An interesting thing is happening in Massively Minecraft. While the game itself uses ‘text chat’ there is increasing use of a second channel, Skype. There are multiple channels appearing, often between small groups, but also one large channel, in which kids use voice and text. It’s almost like a sub-layer of conversation, and often relates not to the game, but just about any topic, from school to whatever other games the kids like to play. We’re about 50/50 boy and girl ratio in both the game and Skype. One interesting observation is that they never use video calling, though most of them could.
The game, and whatever they are working on is the visual aesthetic, the chat in the game largely relates to that activity as they organise, instruct, discuss and invent new ways to construct or re-organsise. Skype discussions tend to deal with non-game topics, from how their day was, what music they like or whether Call of Duty is just a rehashed engine. You’d think, or at least I did, that having an international group of players, they’d be interested in aspects of living in the various countries, but I’m yet to see them discuss these things – they seem perfectly at home with the idea that the Internet and their growing friendships are a sort of unified state.
When I compare this to projects such as Global Kids or even Flat Classroom, our game-world seems to pay almost no attention to global factor.

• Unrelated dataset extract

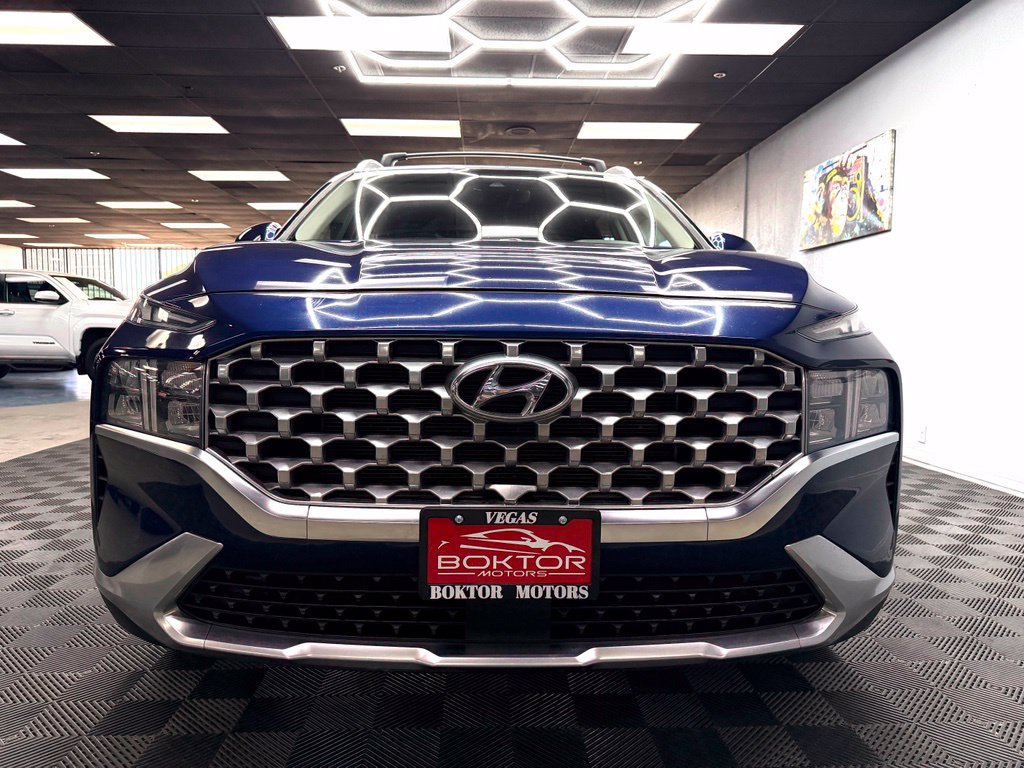 Used 2021 Hyundai Santa Fe SEL FWD image 3
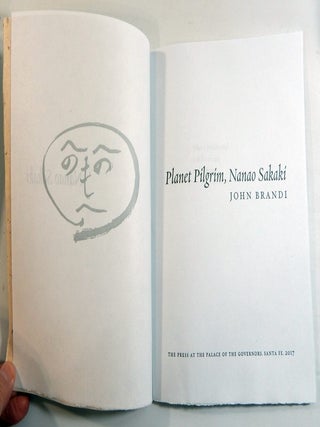 Planet Prilgrim, Nanao Sakaki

While we hear a lot about personal learning networks in educational realms, it seems to me that without any prompting, there are over a hundred kids using Skype in the way many teachers use Twitter – switching between two different but connected spaces, and equally participate in the work (in the game) and side-line conversation about almost anything.
I think it’s to do with rapid switching than multi-tasking, but whatever it is, it’s pretty clear that allowing more than one channel and choice is a winning thing.
2012 will see some major updates, major expansion, so it will be fascinating to watch where it goes … who knows, to a school near you or me. Whichever.